Go through the entries below and print each one exactly.
*** GIVEN ENTRIES ***
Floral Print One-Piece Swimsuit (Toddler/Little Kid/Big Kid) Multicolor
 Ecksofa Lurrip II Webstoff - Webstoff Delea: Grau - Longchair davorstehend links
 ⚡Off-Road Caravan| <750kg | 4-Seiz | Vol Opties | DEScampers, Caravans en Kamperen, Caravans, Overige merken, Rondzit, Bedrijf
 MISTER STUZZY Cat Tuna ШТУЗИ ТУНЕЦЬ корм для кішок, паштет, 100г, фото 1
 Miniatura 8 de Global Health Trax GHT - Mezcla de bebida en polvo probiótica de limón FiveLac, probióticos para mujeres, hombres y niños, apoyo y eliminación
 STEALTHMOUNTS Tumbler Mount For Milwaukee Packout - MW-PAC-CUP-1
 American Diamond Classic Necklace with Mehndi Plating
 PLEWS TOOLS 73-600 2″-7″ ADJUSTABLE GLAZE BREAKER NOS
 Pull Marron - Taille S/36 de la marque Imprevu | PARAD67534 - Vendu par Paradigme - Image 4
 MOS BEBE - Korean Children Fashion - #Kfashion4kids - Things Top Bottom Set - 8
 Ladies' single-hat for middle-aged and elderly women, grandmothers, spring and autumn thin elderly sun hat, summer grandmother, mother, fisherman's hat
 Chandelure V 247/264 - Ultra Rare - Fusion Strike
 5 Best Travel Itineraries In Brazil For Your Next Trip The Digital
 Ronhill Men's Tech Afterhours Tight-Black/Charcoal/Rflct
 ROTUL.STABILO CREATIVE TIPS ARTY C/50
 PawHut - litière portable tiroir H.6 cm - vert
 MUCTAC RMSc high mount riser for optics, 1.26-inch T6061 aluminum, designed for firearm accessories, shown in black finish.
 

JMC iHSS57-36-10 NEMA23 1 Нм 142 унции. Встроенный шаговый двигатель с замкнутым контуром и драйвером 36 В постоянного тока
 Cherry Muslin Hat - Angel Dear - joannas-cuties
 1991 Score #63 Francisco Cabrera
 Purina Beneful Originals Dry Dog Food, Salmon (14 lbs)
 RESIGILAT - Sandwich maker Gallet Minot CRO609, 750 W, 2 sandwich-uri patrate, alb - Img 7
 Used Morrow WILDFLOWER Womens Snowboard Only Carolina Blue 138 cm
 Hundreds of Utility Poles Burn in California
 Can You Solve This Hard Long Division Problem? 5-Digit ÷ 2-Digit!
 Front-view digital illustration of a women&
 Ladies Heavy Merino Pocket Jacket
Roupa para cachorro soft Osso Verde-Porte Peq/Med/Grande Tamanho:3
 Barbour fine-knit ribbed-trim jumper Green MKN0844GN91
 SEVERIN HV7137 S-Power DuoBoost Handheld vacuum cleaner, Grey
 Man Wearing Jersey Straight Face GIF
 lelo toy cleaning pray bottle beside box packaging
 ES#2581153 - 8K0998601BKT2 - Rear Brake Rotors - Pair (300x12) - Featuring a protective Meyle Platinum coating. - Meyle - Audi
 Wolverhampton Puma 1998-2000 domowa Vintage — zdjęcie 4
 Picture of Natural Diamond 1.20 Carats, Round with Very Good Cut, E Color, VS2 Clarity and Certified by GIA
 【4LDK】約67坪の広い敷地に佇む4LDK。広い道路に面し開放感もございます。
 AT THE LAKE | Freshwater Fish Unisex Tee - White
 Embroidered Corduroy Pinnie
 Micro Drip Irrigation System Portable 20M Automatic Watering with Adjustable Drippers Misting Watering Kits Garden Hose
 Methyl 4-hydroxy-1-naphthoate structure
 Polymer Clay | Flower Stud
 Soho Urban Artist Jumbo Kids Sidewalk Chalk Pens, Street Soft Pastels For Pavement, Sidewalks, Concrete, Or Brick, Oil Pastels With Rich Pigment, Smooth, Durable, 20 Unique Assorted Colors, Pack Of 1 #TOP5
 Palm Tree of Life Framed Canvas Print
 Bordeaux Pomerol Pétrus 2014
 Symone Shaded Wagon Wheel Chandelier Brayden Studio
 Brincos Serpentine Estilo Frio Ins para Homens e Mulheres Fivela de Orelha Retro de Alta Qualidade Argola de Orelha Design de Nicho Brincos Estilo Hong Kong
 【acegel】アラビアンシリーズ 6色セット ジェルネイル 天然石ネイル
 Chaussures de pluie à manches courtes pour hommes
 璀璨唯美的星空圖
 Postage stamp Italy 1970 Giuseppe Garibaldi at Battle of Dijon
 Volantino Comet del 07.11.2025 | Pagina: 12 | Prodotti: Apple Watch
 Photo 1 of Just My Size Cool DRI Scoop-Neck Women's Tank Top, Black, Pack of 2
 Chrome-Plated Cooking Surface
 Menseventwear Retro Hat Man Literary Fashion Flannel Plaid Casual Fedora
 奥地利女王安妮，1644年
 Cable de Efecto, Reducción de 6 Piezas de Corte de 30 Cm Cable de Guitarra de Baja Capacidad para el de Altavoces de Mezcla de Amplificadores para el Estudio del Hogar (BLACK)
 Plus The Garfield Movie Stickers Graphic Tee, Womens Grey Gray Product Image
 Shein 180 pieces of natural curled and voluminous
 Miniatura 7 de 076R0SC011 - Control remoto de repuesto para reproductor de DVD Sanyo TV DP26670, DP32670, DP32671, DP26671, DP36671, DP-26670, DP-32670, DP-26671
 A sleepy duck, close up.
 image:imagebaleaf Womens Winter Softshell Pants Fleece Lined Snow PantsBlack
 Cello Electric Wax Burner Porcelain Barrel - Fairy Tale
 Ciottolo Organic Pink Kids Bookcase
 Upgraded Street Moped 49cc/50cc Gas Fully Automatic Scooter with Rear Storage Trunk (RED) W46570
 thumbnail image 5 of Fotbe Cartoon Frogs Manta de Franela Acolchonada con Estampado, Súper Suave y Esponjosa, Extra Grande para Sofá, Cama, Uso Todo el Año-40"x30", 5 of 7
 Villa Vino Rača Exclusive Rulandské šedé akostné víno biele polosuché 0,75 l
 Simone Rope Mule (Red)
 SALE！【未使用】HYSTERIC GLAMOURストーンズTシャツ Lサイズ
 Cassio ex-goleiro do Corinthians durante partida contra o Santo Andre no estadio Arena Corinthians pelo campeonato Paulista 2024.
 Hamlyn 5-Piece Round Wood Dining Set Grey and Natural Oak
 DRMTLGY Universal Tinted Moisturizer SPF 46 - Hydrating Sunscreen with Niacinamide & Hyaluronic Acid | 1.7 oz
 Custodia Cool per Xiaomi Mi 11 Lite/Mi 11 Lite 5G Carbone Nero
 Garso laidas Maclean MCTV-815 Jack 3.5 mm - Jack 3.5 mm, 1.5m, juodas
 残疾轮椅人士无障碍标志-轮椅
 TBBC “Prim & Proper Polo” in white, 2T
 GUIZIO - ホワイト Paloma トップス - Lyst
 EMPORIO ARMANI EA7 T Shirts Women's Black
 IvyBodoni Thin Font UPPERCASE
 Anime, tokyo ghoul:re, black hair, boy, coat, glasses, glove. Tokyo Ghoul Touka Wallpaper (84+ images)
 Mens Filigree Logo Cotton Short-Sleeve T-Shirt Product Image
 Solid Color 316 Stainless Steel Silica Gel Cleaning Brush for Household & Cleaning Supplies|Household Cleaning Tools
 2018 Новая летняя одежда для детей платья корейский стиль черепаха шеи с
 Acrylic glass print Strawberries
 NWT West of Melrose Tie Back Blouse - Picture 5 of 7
*** End of GIVEN ENTRIES ***
TASK RESPONSE |
Floral Print One-Piece Swimsuit (Toddler/Little Kid/Big Kid) Multicolor
 Ecksofa Lurrip II Webstoff - Webstoff Delea: Grau - Longchair davorstehend links
 ⚡Off-Road Caravan| <750kg | 4-Seiz | Vol Opties | DEScampers, Caravans en Kamperen, Caravans, Overige merken, Rondzit, Bedrijf
 MISTER STUZZY Cat Tuna ШТУЗИ ТУНЕЦЬ корм для кішок, паштет, 100г, фото 1
 Miniatura 8 de Global Health Trax GHT - Mezcla de bebida en polvo probiótica de limón FiveLac, probióticos para mujeres, hombres y niños, apoyo y eliminación
 STEALTHMOUNTS Tumbler Mount For Milwaukee Packout - MW-PAC-CUP-1
 American Diamond Classic Necklace with Mehndi Plating
 PLEWS TOOLS 73-600 2″-7″ ADJUSTABLE GLAZE BREAKER NOS
 Pull Marron - Taille S/36 de la marque Imprevu | PARAD67534 - Vendu par Paradigme - Image 4
 MOS BEBE - Korean Children Fashion - #Kfashion4kids - Things Top Bottom Set - 8
 Ladies' single-hat for middle-aged and elderly women, grandmothers, spring and autumn thin elderly sun hat, summer grandmother, mother, fisherman's hat
 Chandelure V 247/264 - Ultra Rare - Fusion Strike
 5 Best Travel Itineraries In Brazil For Your Next Trip The Digital
 Ronhill Men's Tech Afterhours Tight-Black/Charcoal/Rflct
 ROTUL.STABILO CREATIVE TIPS ARTY C/50
 PawHut - litière portable tiroir H.6 cm - vert
 MUCTAC RMSc high mount riser for optics, 1.26-inch T6061 aluminum, designed for firearm accessories, shown in black finish.
 

JMC iHSS57-36-10 NEMA23 1 Нм 142 унции. Встроенный шаговый двигатель с замкнутым контуром и драйвером 36 В постоянного тока
 Cherry Muslin Hat - Angel Dear - joannas-cuties
 1991 Score #63 Francisco Cabrera
 Purina Beneful Originals Dry Dog Food, Salmon (14 lbs)
 RESIGILAT - Sandwich maker Gallet Minot CRO609, 750 W, 2 sandwich-uri patrate, alb - Img 7
 Used Morrow WILDFLOWER Womens Snowboard Only Carolina Blue 138 cm
 Hundreds of Utility Poles Burn in California
 Can You Solve This Hard Long Division Problem? 5-Digit ÷ 2-Digit!
 Front-view digital illustration of a women&
 Ladies Heavy Merino Pocket Jacket
Roupa para cachorro soft Osso Verde-Porte Peq/Med/Grande Tamanho:3
 Barbour fine-knit ribbed-trim jumper Green MKN0844GN91
 SEVERIN HV7137 S-Power DuoBoost Handheld vacuum cleaner, Grey
 Man Wearing Jersey Straight Face GIF
 lelo toy cleaning pray bottle beside box packaging
 ES#2581153 - 8K0998601BKT2 - Rear Brake Rotors - Pair (300x12) - Featuring a protective Meyle Platinum coating. - Meyle - Audi
 Wolverhampton Puma 1998-2000 domowa Vintage — zdjęcie 4
 Picture of Natural Diamond 1.20 Carats, Round with Very Good Cut, E Color, VS2 Clarity and Certified by GIA
 【4LDK】約67坪の広い敷地に佇む4LDK。広い道路に面し開放感もございます。
 AT THE LAKE | Freshwater Fish Unisex Tee - White
 Embroidered Corduroy Pinnie
 Micro Drip Irrigation System Portable 20M Automatic Watering with Adjustable Drippers Misting Watering Kits Garden Hose
 Methyl 4-hydroxy-1-naphthoate structure
 Polymer Clay | Flower Stud
 Soho Urban Artist Jumbo Kids Sidewalk Chalk Pens, Street Soft Pastels For Pavement, Sidewalks, Concrete, Or Brick, Oil Pastels With Rich Pigment, Smooth, Durable, 20 Unique Assorted Colors, Pack Of 1 #TOP5
 Palm Tree of Life Framed Canvas Print
 Bordeaux Pomerol Pétrus 2014
 Symone Shaded Wagon Wheel Chandelier Brayden Studio
 Brincos Serpentine Estilo Frio Ins para Homens e Mulheres Fivela de Orelha Retro de Alta Qualidade Argola de Orelha Design de Nicho Brincos Estilo Hong Kong
 【acegel】アラビアンシリーズ 6色セット ジェルネイル 天然石ネイル
 Chaussures de pluie à manches courtes pour hommes
 璀璨唯美的星空圖
 Postage stamp Italy 1970 Giuseppe Garibaldi at Battle of Dijon
 Volantino Comet del 07.11.2025 | Pagina: 12 | Prodotti: Apple Watch
 Photo 1 of Just My Size Cool DRI Scoop-Neck Women's Tank Top, Black, Pack of 2
 Chrome-Plated Cooking Surface
 Menseventwear Retro Hat Man Literary Fashion Flannel Plaid Casual Fedora
 奥地利女王安妮，1644年
 Cable de Efecto, Reducción de 6 Piezas de Corte de 30 Cm Cable de Guitarra de Baja Capacidad para el de Altavoces de Mezcla de Amplificadores para el Estudio del Hogar (BLACK)
 Plus The Garfield Movie Stickers Graphic Tee, Womens Grey Gray Product Image
 Shein 180 pieces of natural curled and voluminous
 Miniatura 7 de 076R0SC011 - Control remoto de repuesto para reproductor de DVD Sanyo TV DP26670, DP32670, DP32671, DP26671, DP36671, DP-26670, DP-32670, DP-26671
 A sleepy duck, close up.
 image:imagebaleaf Womens Winter Softshell Pants Fleece Lined Snow PantsBlack
 Cello Electric Wax Burner Porcelain Barrel - Fairy Tale
 Ciottolo Organic Pink Kids Bookcase
 Upgraded Street Moped 49cc/50cc Gas Fully Automatic Scooter with Rear Storage Trunk (RED) W46570
 thumbnail image 5 of Fotbe Cartoon Frogs Manta de Franela Acolchonada con Estampado, Súper Suave y Esponjosa, Extra Grande para Sofá, Cama, Uso Todo el Año-40"x30", 5 of 7
 Villa Vino Rača Exclusive Rulandské šedé akostné víno biele polosuché 0,75 l
 Simone Rope Mule (Red)
 SALE！【未使用】HYSTERIC GLAMOURストーンズTシャツ Lサイズ
 Cassio ex-goleiro do Corinthians durante partida contra o Santo Andre no estadio Arena Corinthians pelo campeonato Paulista 2024.
 Hamlyn 5-Piece Round Wood Dining Set Grey and Natural Oak
 DRMTLGY Universal Tinted Moisturizer SPF 46 - Hydrating Sunscreen with Niacinamide & Hyaluronic Acid | 1.7 oz
 Custodia Cool per Xiaomi Mi 11 Lite/Mi 11 Lite 5G Carbone Nero
 Garso laidas Maclean MCTV-815 Jack 3.5 mm - Jack 3.5 mm, 1.5m, juodas
 残疾轮椅人士无障碍标志-轮椅
 TBBC “Prim & Proper Polo” in white, 2T
 GUIZIO - ホワイト Paloma トップス - Lyst
 EMPORIO ARMANI EA7 T Shirts Women's Black
 IvyBodoni Thin Font UPPERCASE
 Anime, tokyo ghoul:re, black hair, boy, coat, glasses, glove. Tokyo Ghoul Touka Wallpaper (84+ images)
 Mens Filigree Logo Cotton Short-Sleeve T-Shirt Product Image
 Solid Color 316 Stainless Steel Silica Gel Cleaning Brush for Household & Cleaning Supplies|Household Cleaning Tools
 2018 Новая летняя одежда для детей платья корейский стиль черепаха шеи с
 Acrylic glass print Strawberries
 NWT West of Melrose Tie Back Blouse - Picture 5 of 7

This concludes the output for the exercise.